Representative Michelle Bachman stated, "Were hoping he doesn't succeed." (Obama)
John Boehner stated, "So be it" to job losses. He would rather have Obama fail.
Yes, the Left is attacking policy. See we know that Trump was once a fairly reasonable, left leaning guy. He even wrote a letter to Obama requesting "bold action on climate change." We are just standing up for women, Muslims, Mexicans, Hatians, Immigrants, Indians, the environment, National Monuments, clean water and on and on....Guilty as charged to attacking.
Posted by: Deep State Special Legal Counsel | May 09, 2017 at 06:03 PM
Steve Lubet
Well, at least you have one learned, respected voice of reason here in the FL supporting your posts.
Carry on!
Posted by: anon | May 09, 2017 at 06:36 PM
Al Brophy: That is an excellent point. The Southerners' judgment was overwhelmed by their commitment to slavery. The Confederacy consistently rejected proposals to free slaves who were willing to join their army, and they declined the Hampton Roads proposal for compensated emancipation when they were only eight weeks from total defeat.
Given that level of devotion to human bondage, there was no way to "work out" the problem short of Civil War.

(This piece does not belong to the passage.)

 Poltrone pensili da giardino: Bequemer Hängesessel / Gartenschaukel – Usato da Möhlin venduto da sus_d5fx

It would have been different, of course, if the Southerners had been willing to free their slaves. The North had made a series of compromises with slavery in 1820, 1850, and 1854, and secession could have been averted only by more concessions to slavery in 1860 and beyond.
Posted by: Steve L. | May 09, 2017 at 07:10 PM
Interesting to hear Joan Baez, after her speech about moral superiority, sing the classic "The Night They Drove Old Dixie Down" at the Rock and Roll Hall of Fame.

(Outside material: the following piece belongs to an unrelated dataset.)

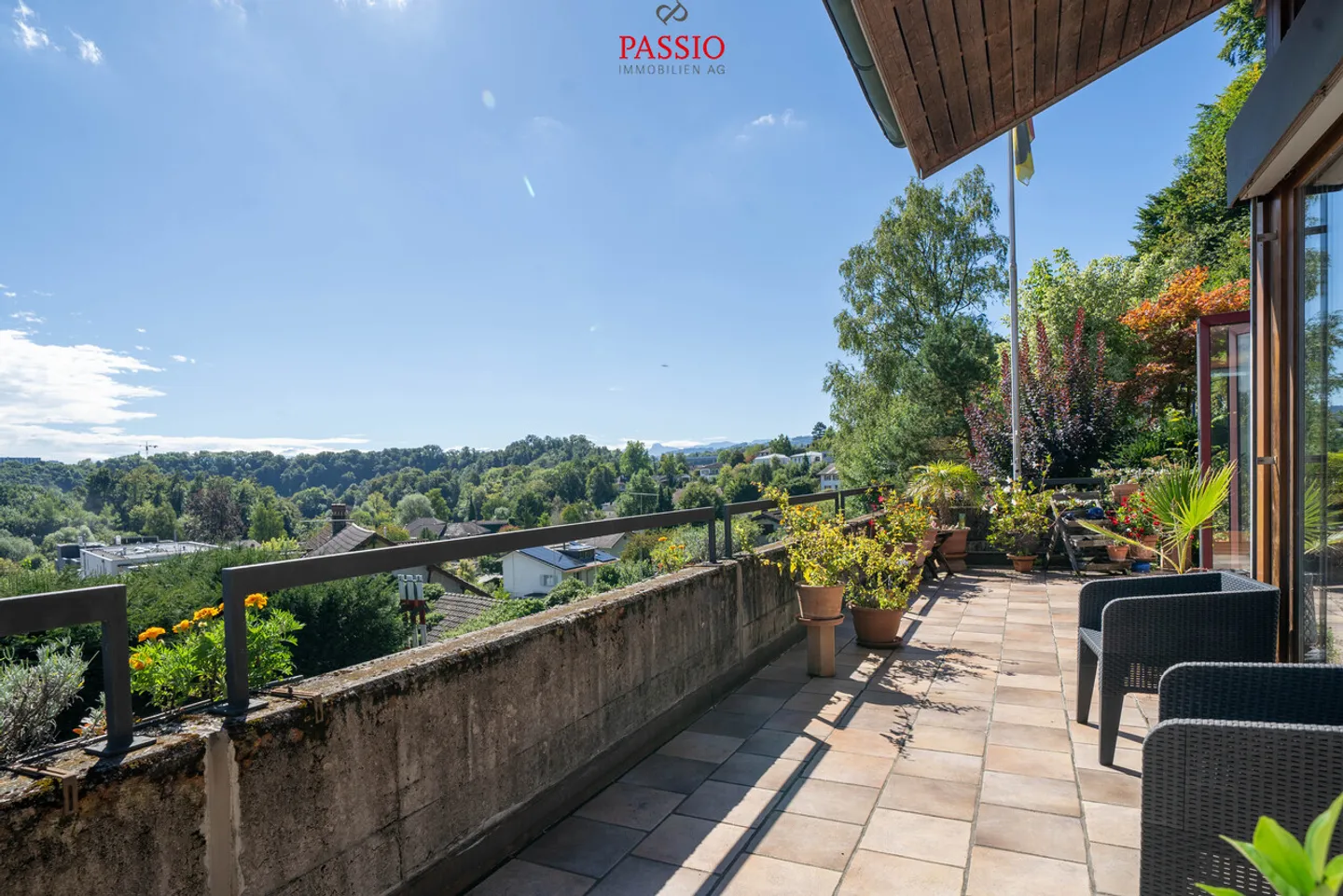 Well-maintained 5.5-room house with winter garden &amp; magnificent view - Photo 17 of 33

Prof. Brophy, of all those who post on the FL, I would suspect that you understand that the reason that the "South" did not agree to end slavery had something to do with the notion that the Southerners believed themselves to be more sophisticated than the North, more correct about the Constitution, more learned about the law and generally, just better than the Northerners. In other words, Democrats.

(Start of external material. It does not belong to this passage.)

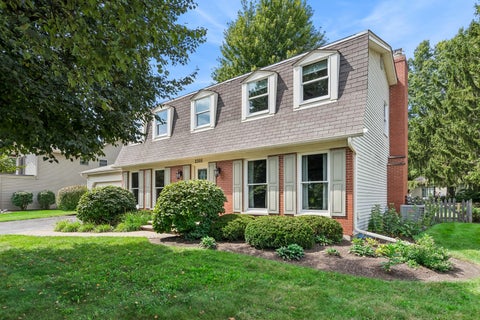 4 beds bed, 2.5 baths bath property at 2305 Pepper Valley Drive, Geneva, IL 60134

Of course, today, their views of the themselves seems absurd. TOday, the North (and the nation) sees the deep south as a bastion of fat, ignorant, racist rednecks, addicted to opiates, chewing on straw voting for Republicans and oppressing their black neighbors.
But, at the time of the CIvil War, not so much.
What folks like Lubet forget is the mentality of a man like Lincoln, who wanted to compensate the Southerners to placate their Fifth Amendment claims, and his sincere hope that, after the war, the nation would bind up its wounds, and act with "malice toward none." Lincoln was in favor of repatriation to Liberia, and never really supported the equality that we take for granted today. In other words, he didn't demonize the South; in fact, he felt himself to be a part of a people, ALL of the people, who had sinned and failed in the institution of slavery, but with whom he shared kinship and loyalty.
That notion, reading stuff like Lubet posts, also seems absurd today.
Posted by: anon | May 09, 2017 at 07:56 PM
An interesting aspect of could it have been worked out is that many prominent southerners and slaveowners (Jefferson, Patrick Henry, Washington, Lee), including many of the Founding Fathers, seemed to take the Augustinian view: "“Lord, make me chaste – but not yet” towards slavery. That is to say that they considered it probably morally wrong, and not ultimately healthy for the south, but did not want to abolish it because so much of their wealth and status was tied up min the institution. So instead, they "kicked the can down the road" to the next generation.
Only a few of the slaveowners actually took steps to bring slavery to an end - John Jay for example. Most seemed to be of the view that it ought to be abolished, but at some point in the future.